Management is weak, which is why Romania has very large assets compared to the little value it generates. Normally, money shouldn’t sit in reserves, which are guarantees for loans, and monetary-fiscal policies shouldn’t control the aggregate demand, but managers should be capable to put the resources to work to create a supply of goods.

But since they’re not capable of that, they don’t stray too far from the Ceausescu model based on which they grew, some of the money is kept safe so that it’s not dirtied up, with the help of reserves. This is why, when we open an old Economics book and try to list various data and notions, we notice that they’re not at all similar to what we’re seeing today.
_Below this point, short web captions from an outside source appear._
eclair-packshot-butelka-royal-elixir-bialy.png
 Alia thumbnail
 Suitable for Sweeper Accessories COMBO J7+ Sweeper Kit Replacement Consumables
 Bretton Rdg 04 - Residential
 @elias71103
The risk, when you put the economy in the hands of trustworthy people who don’t know what they’re doing in the roles they have been assigned, is that instead of markets and dynamism, you have dominant companies and resources that are not used efficiently. Could that be why, along with the nationalized properties, we’re also not recieving back Romania’s economic history? Is that so we don’t realize that we’ve not yet returned to the market economy?